200 years since the death of the pioneer of European indology

Besides native Croatian he spoke Latin, Greek, Hebrew, German, Hungarian, Italian, Portugese and English. As a Carmelitan missionary Vezdin was sent to India in 1776, where he learned Sanskrit and several Indian dialects.

Vezdin is the author of Sidharubam seu gramatica samscrdamica,
the first printed Sanskrit grammar in Europe, published in 1790 in Rome.

He wrote numerous works on Indian culture, and in addition to Sanskrit also learned Malayalam, the Malabar coastal language, in which he wrote his works as well. At the request of a local ruler, King Rama Varmer of the Travancore, he wrote an English-Portugese-Malayalam grammar. The King, enthuseasted with Vezdin's fluency in Malayalam, asked him to be his teacher of English and Portugese in his palace in Padmanabpuram. Vezdin's works are kept in Rome, Vienna and Uppsala.

Filip Vezdin, pioneer of European indology,
 

Vezdin's best known work is Systema brahmanicum liturgicum, mythologicum, civile ex monumentis Indicis Musei Borgian Velitris, Rome 1791, dealing with literature, mythology and civil order of brahmanic India, customs and the way of life. His most interesting and most popular work is his travel-book Viaggio alle Indie orientali, Rome 1796. He also published two philological studies about connections between Hungarian and Laponian languages. In 1999 Vezdin's image was carved into the white marble memorial plaque in the City Museum of Trivandrum, the capital of the Indian state of Kerala. He is considered as one of pioneers of European indology.

Filip Vezdin,pioneer of European indology

About twenty of his books were published already during his lifetime. Some of them were translated into German, French, English and Swedish. It is therefore no surprise that he was a member of the Royal Academy in Naples, and of the Academy "Dei Volsci" in Velletri and Padova.

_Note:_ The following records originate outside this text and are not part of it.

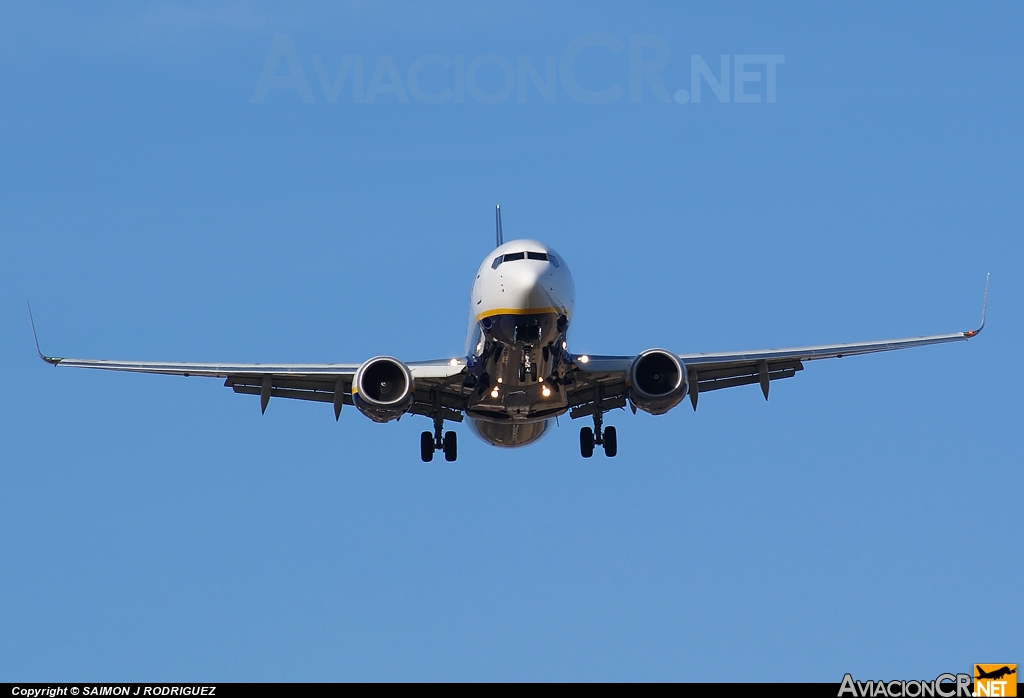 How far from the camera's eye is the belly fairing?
4475cm

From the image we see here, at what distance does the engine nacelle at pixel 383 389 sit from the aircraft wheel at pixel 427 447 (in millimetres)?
5791

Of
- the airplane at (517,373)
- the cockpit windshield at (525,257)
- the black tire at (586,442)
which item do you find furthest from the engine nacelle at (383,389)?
the black tire at (586,442)

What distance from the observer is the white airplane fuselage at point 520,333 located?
39.4 metres

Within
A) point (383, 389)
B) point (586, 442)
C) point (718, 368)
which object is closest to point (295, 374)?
point (383, 389)

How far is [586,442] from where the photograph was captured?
47.4 m

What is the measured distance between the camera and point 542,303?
39.3 meters

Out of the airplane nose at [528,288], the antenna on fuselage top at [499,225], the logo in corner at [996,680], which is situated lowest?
the logo in corner at [996,680]

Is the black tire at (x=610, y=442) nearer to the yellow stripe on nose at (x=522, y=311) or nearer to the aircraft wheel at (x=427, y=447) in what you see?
the aircraft wheel at (x=427, y=447)

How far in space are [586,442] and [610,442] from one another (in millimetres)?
750

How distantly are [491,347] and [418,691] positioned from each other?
9.76 meters

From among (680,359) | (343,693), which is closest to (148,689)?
(343,693)

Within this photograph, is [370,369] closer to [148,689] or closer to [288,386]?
[288,386]

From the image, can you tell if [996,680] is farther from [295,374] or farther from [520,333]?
[295,374]

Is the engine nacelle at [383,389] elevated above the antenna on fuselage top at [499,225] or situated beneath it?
situated beneath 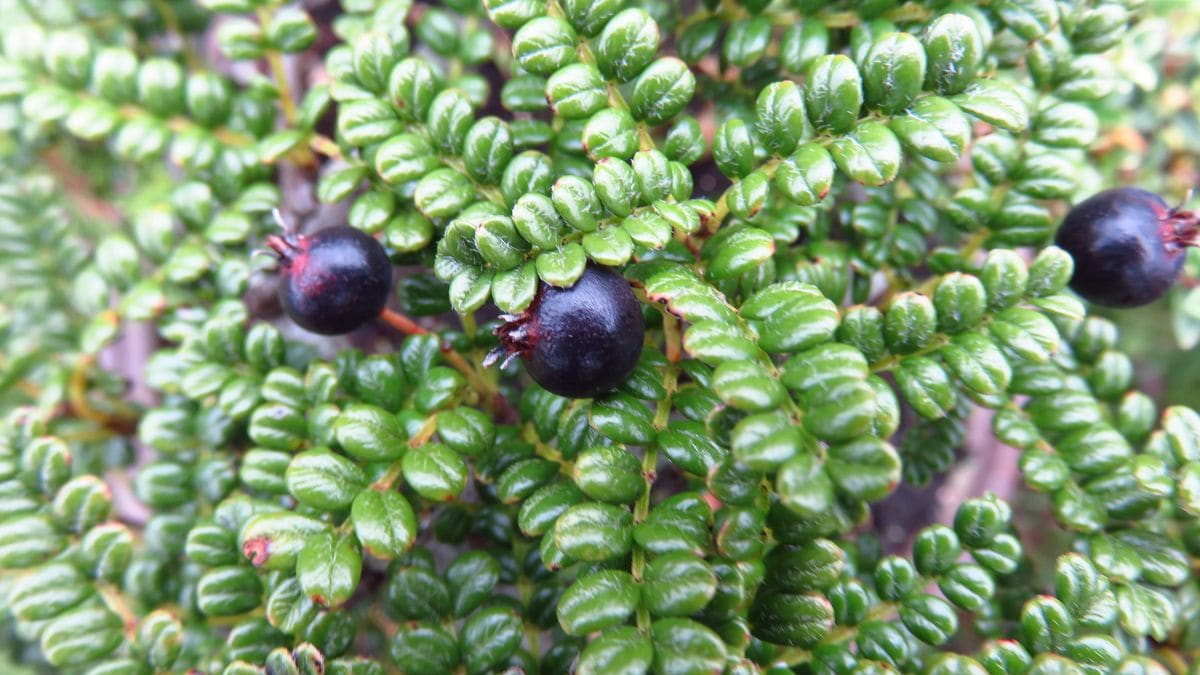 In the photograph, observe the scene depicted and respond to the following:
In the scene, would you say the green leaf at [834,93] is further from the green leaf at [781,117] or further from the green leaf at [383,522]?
the green leaf at [383,522]

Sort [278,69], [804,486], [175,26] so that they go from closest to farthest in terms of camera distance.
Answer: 1. [804,486]
2. [278,69]
3. [175,26]

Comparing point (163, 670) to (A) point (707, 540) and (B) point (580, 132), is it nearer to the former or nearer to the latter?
(A) point (707, 540)

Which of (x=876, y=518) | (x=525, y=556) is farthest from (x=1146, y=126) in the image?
(x=525, y=556)

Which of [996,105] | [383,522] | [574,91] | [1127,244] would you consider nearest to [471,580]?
[383,522]

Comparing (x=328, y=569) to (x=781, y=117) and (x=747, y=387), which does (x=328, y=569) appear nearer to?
(x=747, y=387)

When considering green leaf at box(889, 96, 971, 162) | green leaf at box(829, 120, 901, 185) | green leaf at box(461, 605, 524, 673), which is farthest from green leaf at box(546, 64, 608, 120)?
green leaf at box(461, 605, 524, 673)

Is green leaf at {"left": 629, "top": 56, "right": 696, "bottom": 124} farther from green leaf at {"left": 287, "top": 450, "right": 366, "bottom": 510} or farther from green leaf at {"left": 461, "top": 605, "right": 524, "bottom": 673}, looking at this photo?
green leaf at {"left": 461, "top": 605, "right": 524, "bottom": 673}

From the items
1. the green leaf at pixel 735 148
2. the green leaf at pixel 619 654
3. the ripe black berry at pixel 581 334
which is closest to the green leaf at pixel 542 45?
the green leaf at pixel 735 148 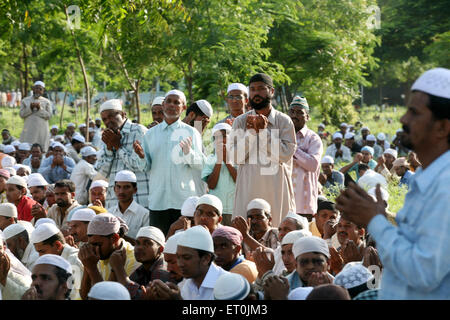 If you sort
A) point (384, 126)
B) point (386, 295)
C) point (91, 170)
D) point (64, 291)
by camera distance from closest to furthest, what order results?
point (386, 295) → point (64, 291) → point (91, 170) → point (384, 126)

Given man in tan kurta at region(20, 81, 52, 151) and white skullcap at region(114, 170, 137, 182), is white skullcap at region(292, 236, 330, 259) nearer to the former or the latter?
white skullcap at region(114, 170, 137, 182)

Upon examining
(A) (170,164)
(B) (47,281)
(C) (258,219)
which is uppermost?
(A) (170,164)

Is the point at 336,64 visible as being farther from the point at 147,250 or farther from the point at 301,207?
the point at 147,250

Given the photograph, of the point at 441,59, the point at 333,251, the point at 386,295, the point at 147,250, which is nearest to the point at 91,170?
the point at 147,250

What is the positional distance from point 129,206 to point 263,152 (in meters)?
1.60

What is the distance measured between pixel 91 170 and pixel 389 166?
614cm

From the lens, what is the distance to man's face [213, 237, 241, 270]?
5664 mm

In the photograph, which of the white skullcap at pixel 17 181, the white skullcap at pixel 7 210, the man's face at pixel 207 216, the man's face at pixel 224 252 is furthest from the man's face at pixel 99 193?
the man's face at pixel 224 252

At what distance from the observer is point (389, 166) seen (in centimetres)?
1391

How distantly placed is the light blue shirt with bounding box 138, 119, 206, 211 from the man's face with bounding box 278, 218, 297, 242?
132cm

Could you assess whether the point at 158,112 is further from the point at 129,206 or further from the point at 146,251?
the point at 146,251

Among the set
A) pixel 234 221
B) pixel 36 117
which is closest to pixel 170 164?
pixel 234 221

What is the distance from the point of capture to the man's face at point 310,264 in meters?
5.14

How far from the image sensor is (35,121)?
16062mm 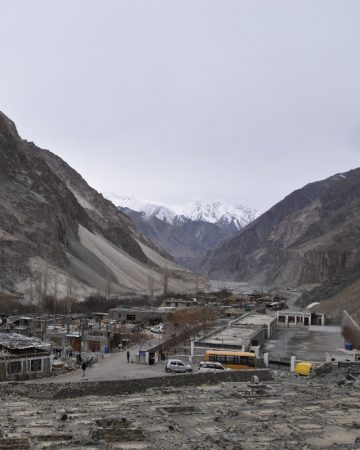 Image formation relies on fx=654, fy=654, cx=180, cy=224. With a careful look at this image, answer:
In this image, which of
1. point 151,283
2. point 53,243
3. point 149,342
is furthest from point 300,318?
point 151,283

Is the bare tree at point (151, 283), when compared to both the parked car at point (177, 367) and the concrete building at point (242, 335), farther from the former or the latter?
the parked car at point (177, 367)

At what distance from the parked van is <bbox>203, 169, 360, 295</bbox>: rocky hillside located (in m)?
50.7

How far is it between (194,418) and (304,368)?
12.4 m

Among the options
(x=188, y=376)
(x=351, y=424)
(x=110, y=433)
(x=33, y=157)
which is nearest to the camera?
(x=110, y=433)

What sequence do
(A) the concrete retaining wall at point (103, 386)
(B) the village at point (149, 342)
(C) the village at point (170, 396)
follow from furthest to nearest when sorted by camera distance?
(B) the village at point (149, 342), (A) the concrete retaining wall at point (103, 386), (C) the village at point (170, 396)

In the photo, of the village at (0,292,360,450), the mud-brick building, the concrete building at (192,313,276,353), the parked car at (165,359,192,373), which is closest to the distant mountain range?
the concrete building at (192,313,276,353)

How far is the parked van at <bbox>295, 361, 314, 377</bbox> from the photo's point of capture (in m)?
27.6

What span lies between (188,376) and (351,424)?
28.0 ft

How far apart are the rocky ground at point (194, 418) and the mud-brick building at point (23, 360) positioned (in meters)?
4.87

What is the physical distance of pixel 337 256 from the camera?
108 meters

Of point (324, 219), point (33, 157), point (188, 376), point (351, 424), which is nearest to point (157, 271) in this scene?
point (33, 157)

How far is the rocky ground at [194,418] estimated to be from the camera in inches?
543

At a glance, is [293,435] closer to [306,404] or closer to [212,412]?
[212,412]

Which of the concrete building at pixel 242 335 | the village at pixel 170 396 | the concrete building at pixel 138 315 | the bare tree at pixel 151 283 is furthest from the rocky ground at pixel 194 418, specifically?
the bare tree at pixel 151 283
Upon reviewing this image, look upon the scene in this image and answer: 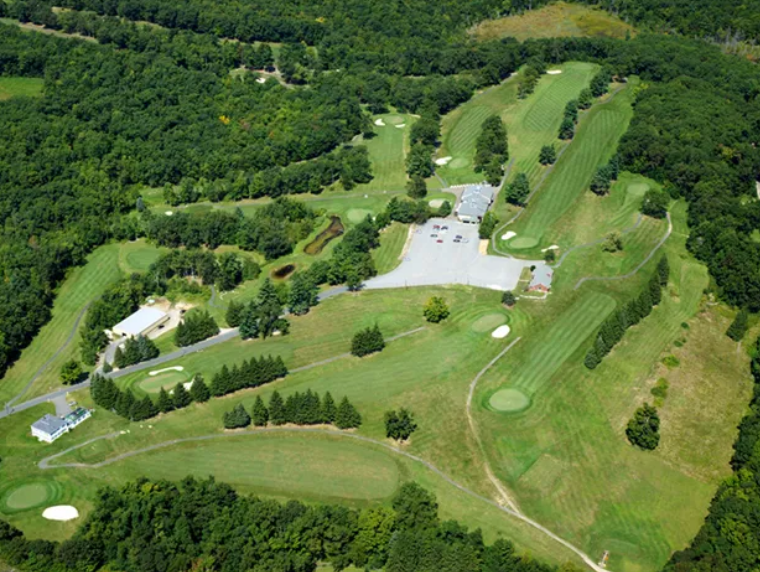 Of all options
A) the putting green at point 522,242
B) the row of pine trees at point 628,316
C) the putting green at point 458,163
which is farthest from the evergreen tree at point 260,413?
the putting green at point 458,163

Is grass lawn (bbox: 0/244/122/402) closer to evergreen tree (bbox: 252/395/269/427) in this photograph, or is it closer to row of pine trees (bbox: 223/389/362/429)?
row of pine trees (bbox: 223/389/362/429)

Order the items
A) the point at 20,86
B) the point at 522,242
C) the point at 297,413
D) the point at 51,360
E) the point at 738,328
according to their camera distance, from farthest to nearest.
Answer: the point at 20,86
the point at 522,242
the point at 738,328
the point at 51,360
the point at 297,413

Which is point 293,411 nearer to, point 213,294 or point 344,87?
point 213,294

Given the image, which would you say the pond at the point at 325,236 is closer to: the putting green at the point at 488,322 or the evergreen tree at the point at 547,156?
the putting green at the point at 488,322

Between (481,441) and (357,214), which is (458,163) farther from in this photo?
(481,441)

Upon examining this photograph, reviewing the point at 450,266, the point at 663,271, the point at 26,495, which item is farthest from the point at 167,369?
the point at 663,271

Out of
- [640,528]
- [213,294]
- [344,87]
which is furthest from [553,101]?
[640,528] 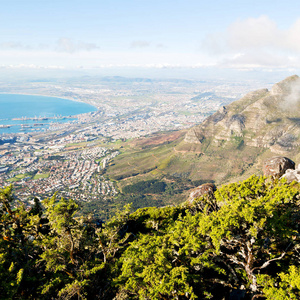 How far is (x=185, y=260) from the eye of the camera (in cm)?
2731

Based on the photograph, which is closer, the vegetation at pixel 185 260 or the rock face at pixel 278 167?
the vegetation at pixel 185 260

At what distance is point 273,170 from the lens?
61.7 meters

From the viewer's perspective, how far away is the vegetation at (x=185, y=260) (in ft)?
78.1

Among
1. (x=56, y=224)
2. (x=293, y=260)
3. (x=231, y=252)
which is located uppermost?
(x=56, y=224)

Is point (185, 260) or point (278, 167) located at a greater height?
point (278, 167)

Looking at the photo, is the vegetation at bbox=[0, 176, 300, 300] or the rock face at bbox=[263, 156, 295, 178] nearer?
the vegetation at bbox=[0, 176, 300, 300]

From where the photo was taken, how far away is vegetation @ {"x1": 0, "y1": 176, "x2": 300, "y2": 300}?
2380 cm

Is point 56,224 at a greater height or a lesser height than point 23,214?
greater

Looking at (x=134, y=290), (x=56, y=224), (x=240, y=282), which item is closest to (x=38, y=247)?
(x=56, y=224)

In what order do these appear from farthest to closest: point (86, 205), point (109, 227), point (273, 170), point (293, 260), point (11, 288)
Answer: point (86, 205), point (273, 170), point (109, 227), point (293, 260), point (11, 288)

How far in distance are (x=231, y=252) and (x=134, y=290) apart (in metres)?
18.5

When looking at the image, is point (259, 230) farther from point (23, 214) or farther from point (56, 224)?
point (23, 214)

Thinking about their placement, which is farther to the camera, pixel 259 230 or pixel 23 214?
pixel 23 214

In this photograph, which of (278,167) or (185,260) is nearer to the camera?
(185,260) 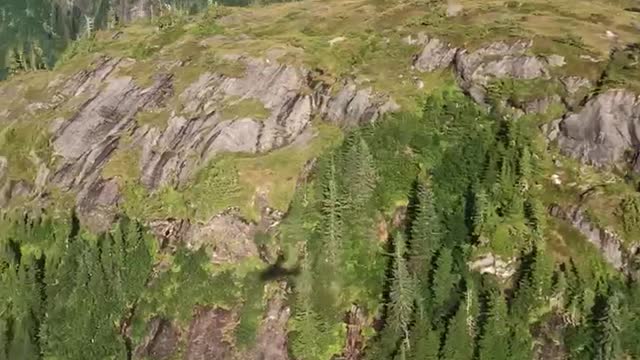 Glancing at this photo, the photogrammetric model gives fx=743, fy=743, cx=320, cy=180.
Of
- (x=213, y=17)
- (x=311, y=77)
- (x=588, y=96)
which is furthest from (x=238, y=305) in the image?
(x=213, y=17)

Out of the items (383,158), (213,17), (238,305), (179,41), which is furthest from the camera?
(213,17)

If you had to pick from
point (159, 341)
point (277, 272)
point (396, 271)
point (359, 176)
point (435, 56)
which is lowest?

A postage stamp issued by a Cultural Association, Hof
am Leithaberge, Austria in 2006, commemorating
200 years since Vezdin's death.
Many thanks to Dr Luca Leoni, Velletri.

In 2006 a memorial tablet dedicated to Filip Fezdin was placed in Velletri, a town near Rome, on the building of Museo Borgia (in Via della Trinita), where Vezdin had been working. The tablet mentions his Croatian descent: "Croato del Burgenland". Also, on that occasion an Italian translation of the monograph by Dr. Branko Franolic about Filip Vezdin was promoted in the City Council of Velletri ("Paolino di San Bartolomeo, pioniere dell'indologia nell'Europa di fine Settecento", translated from the English original by Dr Luca Leoni).

 

Memorial tablet dedicated to Filip Vezdin in Velletri, Italy, 2006
Many thanks to Dr Luca Leoni, Velletri, for the photo and his translation:

TO VELLETRI'S VOLSCIAN ACADEMIC
PAOLINO DI SAN BARTOLOMEO
BAREFOOTED CARMELITE
IN THE WORLD IVAN FILIP VEZDIN
BURGENLAND CROAT
MISSIONARY IN INDIA
PIONEER OF INDOLOGY
FATHER OF INDOEUROPEAN PHILOLOGY
FAITHFUL AND DEVOTED COLLABORATOR
OF THE LEARNED PATRON
CARDINAL STEFANO BORGIA
HE MASTERED HIS STUDIES
IN THE FAMOUS BORGIA MUSEUM
FORMERLY PLACED HERE

THE CITY OF VELLETRI
PLACED THIS
1806-2006

Dr Luca Leoni (initiator of installing Vezdin's memorial tablet, and of the Filip Vezdin's Day in Velletri), Dr Viktor Tadic (Counsellor, Croatian Embassy at the Holy See), Father Paulose Ikareth and Father Stephen Watson (Carmelites like Filip Vezdin, the first from Kerala, the second from
U.S.A. and responsible for Culture in their Order), Dr Bruno Cesaroni (Mayor of Velletri),
Sister Janet (from Madras, India) and Sister Valeriana (from Kerala).

 

Filip Vezdin

Filip Vezdin, portrait from 1793 probably by J.H. Cabott (1754-1841),
once in cardinal Stefano Borgia's library in "Palazzo Altemps", Rome,
now conserved in "Propaganda Fide", Rome
(many thanks to Dr Luca Leoni, Velletri)

Vezdin's research gave a great impetus to investigation of culture and civilization of India in Europe. In 1999 the following text was written in the Sanskrit, Malayalam, Croatian and English languages on memorial tablet in the City Museum of Tivandrum, capital of the state of Kerale in India:

Ivan Filip Vezdin, Burgenland Croat, Discalceate Carmelite, with the monastic name Paulin of St. Bartholomew, a missionary in Malabar from 1776 to 1789. The author of the first printed Sanskrit grammar and forerunner of Indian and Indo-European studies to the great honour of his homeland and the Croatian and Indian people.

 

Ivan Filip Vezdin, gradiscanski Hrvat, bosonogi karmelicanin, 1776. - 1789., misionarski je djelovao na Malabaru. Pisac prve tiskane sanskrtske gramatike i preteca indijskih i indoeuropskih studija na veliku cast svojoj domovini te hrvatskom i indijskom narodu.

In January 2006 a memorial Mass was held by Dr Luca Leoni in honour ofFilip Vezdin in the Cathedral of Velletri (near Rome). A memorial mass was also held in Vezdin's birthplace in Austria.